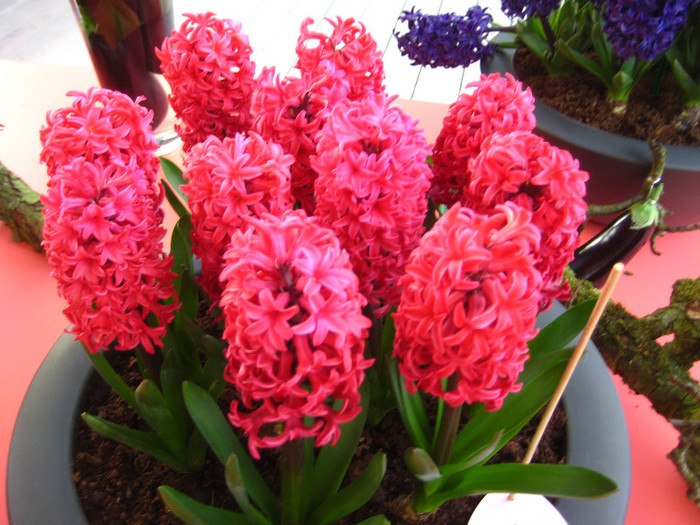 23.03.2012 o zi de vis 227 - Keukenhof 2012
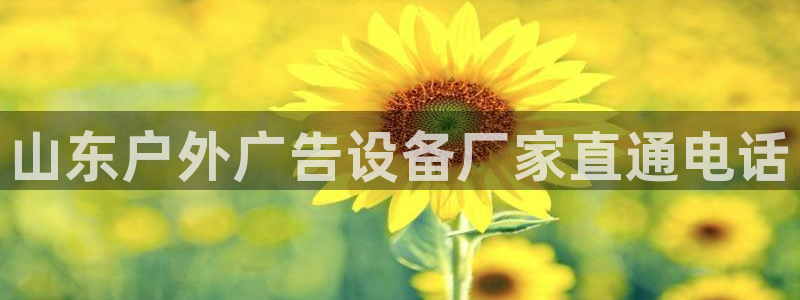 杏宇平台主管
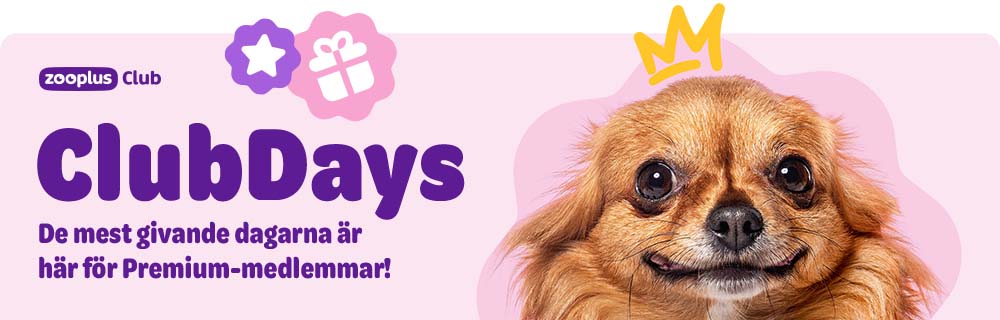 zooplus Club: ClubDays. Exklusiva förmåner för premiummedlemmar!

==

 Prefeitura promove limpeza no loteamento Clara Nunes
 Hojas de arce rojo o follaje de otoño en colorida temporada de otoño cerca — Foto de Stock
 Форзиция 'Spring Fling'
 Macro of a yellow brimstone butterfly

==

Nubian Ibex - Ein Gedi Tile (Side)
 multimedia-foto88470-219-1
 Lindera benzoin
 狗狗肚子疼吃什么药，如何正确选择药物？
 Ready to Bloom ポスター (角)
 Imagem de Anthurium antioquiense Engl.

*Exercise*
Word for word, restate the lines of the listing above starting at the line with "Hojas de arce" and ending at the line with "Macro of a yellow brimstone butterfly", and nothing outside them.

*Written reply*
 Hojas de arce rojo o follaje de otoño en colorida temporada de otoño cerca — Foto de Stock
 Форзиция 'Spring Fling'
 Macro of a yellow brimstone butterfly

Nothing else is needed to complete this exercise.